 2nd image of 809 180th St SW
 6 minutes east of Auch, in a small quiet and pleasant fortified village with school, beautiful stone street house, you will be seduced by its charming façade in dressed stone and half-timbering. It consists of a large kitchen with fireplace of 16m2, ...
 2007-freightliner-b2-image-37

...

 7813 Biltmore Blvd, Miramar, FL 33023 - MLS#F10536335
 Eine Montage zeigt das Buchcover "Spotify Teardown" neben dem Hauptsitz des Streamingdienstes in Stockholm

--

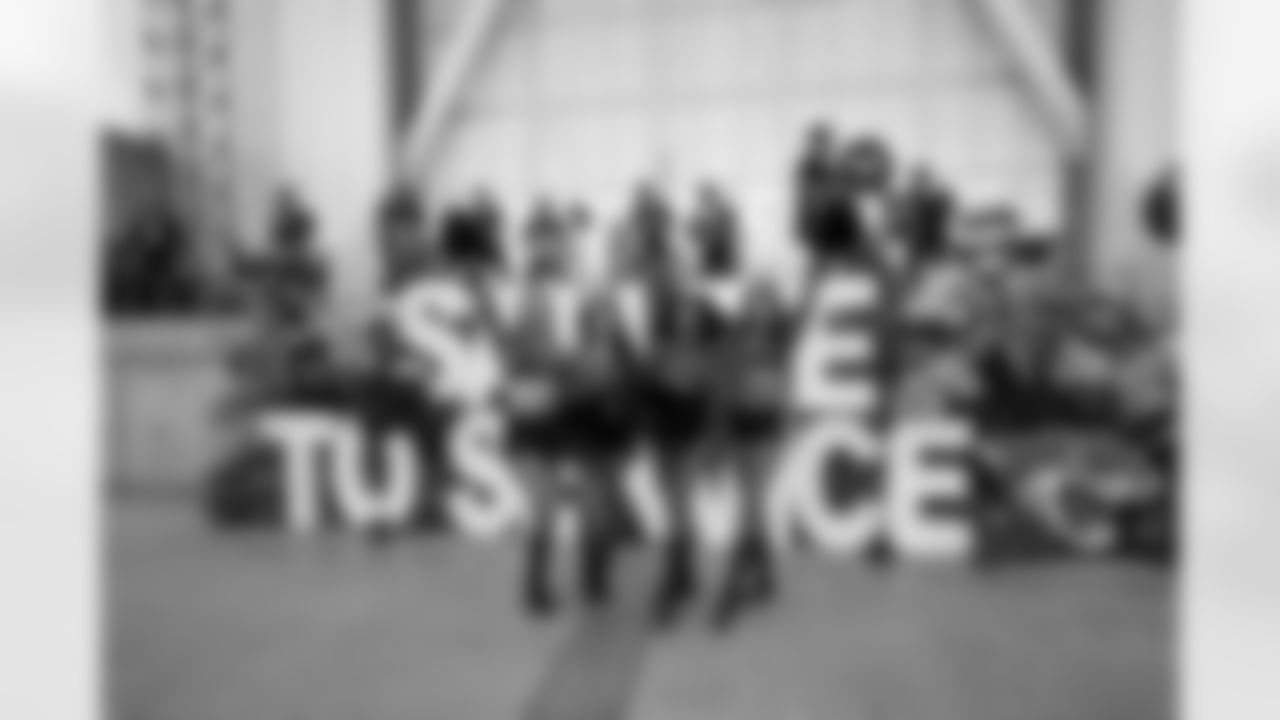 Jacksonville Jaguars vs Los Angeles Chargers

**TASK TO CARRY OUT:**
In the entries above, find each line with the word "image" and show it.

**RESPONSE TO THIS TASK:**
 2nd image of 809 180th St SW
 2007-freightliner-b2-image-37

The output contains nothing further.